Boeing, fighting its biggest crisis in years, has been developing an upgrade to software that is under scrutiny in the Ethiopian Airlines accident and a Lion Air 737 MAX crash that killed all 189 on board on October 29, 2018.

The world's largest plane maker is under pressure to convince MAX operators and global regulators that the aircraft, which was grounded worldwide in March, is safe to fly again.

 Boeing CEO Dennis Muilenburg speaks at an eve. /Reuters Photo
 

Muilenburg said he recently joined one of 96 test flights during which Boeing crew performed different scenarios that exercised the software changes in multiple flight conditions over 159 hours of air time.

"The software update functioned as designed," he said, without indicating when Boeing will deliver the fix to international regulators for their review, which is expected to last around 90 days.

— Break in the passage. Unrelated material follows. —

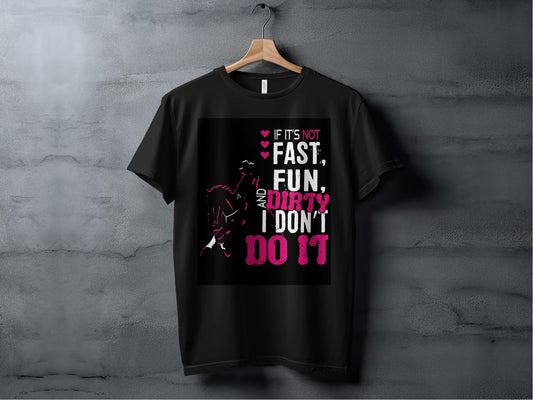 Fun, Fast, Dirt – travel - inspired by Aroundtheworldinarush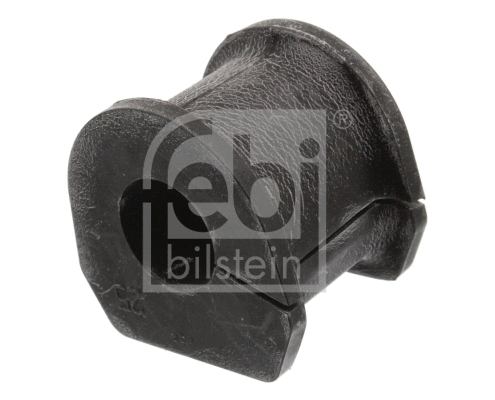Stabilizatoriaus įvorė FEBI BILSTEIN 41141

Boeing is working to address a glitch when separate software is integrated into the system that was uncovered during an internal review, raising questions on how long before it submits the upgrade for certification.

Initial accident investigation reports show a 737 anti-stall system triggered by bad data from a key airflow sensor was "one link in a longer chain of events" in the two crashes, Muilenburg said at a leadership forum in Dallas.

"We know we can break this chain link. It's our responsibility to eliminate this risk."

Last week Boeing cut its monthly 737 productions by nearly 20 percent, signaling it did not expect aviation authorities to allow the plane back in the air anytime soon.

Chicago-based Boeing has not received any new orders for the 737 MAX since the crash in March, nor it could make deliveries of the grounded aircraft.

The 737 MAX has been considered the likely narrow-body workhorse for global airlines for decades to come. There were more than 300 MAX jetliners in operation at the time of the Lion Air crash and about 4,600 more on order.